Das Erlernen der französischen Sprache wird nach Doss als Mittel zum beruflichen Aufstieg begriffen und dient zur Abgrenzung innerhalb der gesellschaftlichen Hierarchie. In diesen Punkten steht das Französische in starker Konkurrenz zur englischen Sprache, da diese zum internationalen Mittel der Verständigung avanciert und vor allem in den Bereichen Technik und Medien sehr präsent ist.

La langue d'acculturation est l'anglais, langue étrangère intégrée à la vie culturelle quotidienne. Cependant, elle ne possède ni les mêmes caractéristiques (elle est plus technique et plus médiatique), ni le même statut : elle est plus populaire, dans le sens où elle est plus massivement diffusée que l'était le français, et plus orale. L'anglais (l'américain) a un « statut démocratique », alors que le français avait un statut élististe. Dans le même temps, il n'impliquait l'utilisation de la langue française : l'anglais est simple instrument, alors que le français était une participation directe à une vie culturelle autre, l'occasion d'une création. (Fenoglio 1997: s.p.)

Nach Fenoglios Auffassung bedienen die beiden Sprachen unterschiedliche Bedürfnisse. Die englische Sprache ist die Sprache der Moderne, der Medien und der Technik und bietet sich als Fremdsprache an, um die beruflichen Chancen auf die internationale Ebene auszuweiten. Sie erfüllt damit eine äußerst praktisch orientierte Funktion und wird nach pragmatischen Kriterien ausgewählt. Sie spielt aber auch im Alltag durch die mediale Verbreitung eine bedeutende Rolle; besonders die Jugendlichen haben ständigen Kontakt zur englischen Sprache. Sie sehen amerikanische Filme, hören anglophone Musik und surfen im Internet, das die User permanent mit der englischen Sprache konfrontiert.

L'anglicisation de l'Égypte est également due à l'apparition des États-Unis sur la scène internationale et à l'extension de la culture anglo-saxonne. Le monde entier s'anglicise. Sur le plan commercial notamment, le français est supplanté par l'anglais. (Gérard 1996: s.p.)

Aber auch die französische Sprache ist in den Medien präsent. Es werden frankophone Radiosendungen ausgestrahlt (wie das europäische Programm des Radio du Caire) und auch die frankophonen Printmedien sind aktuell von zwei Zeitungen Le Progrès Égyptien und Al-Ahram Hebdo vertreten.
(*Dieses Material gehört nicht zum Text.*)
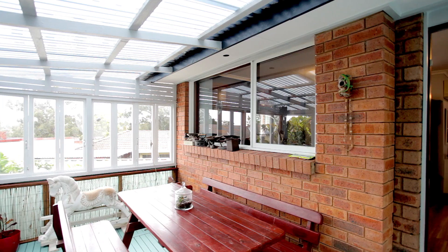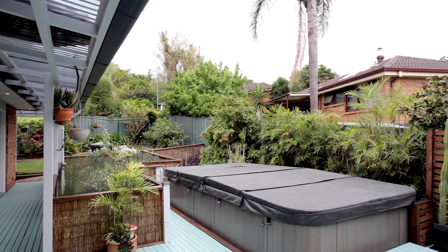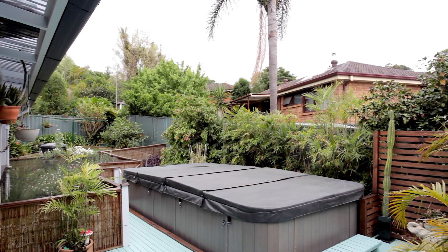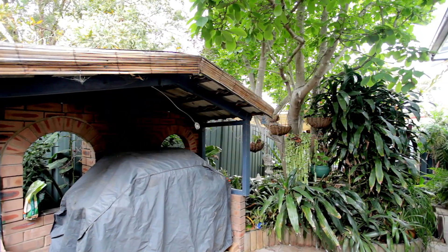Outside is private and quiet with a large pergola and decking area, perfect for entertaining your guests while overlooking the beautiful scenic landscape gardens with running fish pond stream. It truly is a beautiful sight to see.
Der französischen Sprache haftet noch der Geschmack von Prestige und Bildung an, was manche Familien bei der Wahl der Schule und der Fremdsprache sicherlich beeinflusst. Wie schon vor den 1950er Jahren gilt die französische Sprache noch heute als langue des femmes. Viele Eltern schicken ihre Töchter daher auf frankophone und die Jungen auf englischsprachige Schulen.
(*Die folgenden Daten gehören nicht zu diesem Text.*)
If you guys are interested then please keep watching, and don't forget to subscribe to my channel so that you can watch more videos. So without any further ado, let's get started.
Qu'il y ait des Égyptiens connaissant et parlant bien le français, c'est une aide importante pour la politique égyptienne en Afrique. En face de l'omniprésence américaine, le français est l'un des instruments d'une certaine indépendance nationale. D'ailleurs le français ne fait que continuer à jouer le rôle historique qui a été le sien dans la lutte de l'Égypte pour son indépendance nationale depuis le milieu du siècle dernier contre les Turcs d'abord, contre les Anglais ensuite. Enfin, pour certains intellectuels égyptiens, l'Égypte appartient avant tout à l'aire culturelle méditerranéenne où le français occupe une place de choix. (Fleury 1994: 407)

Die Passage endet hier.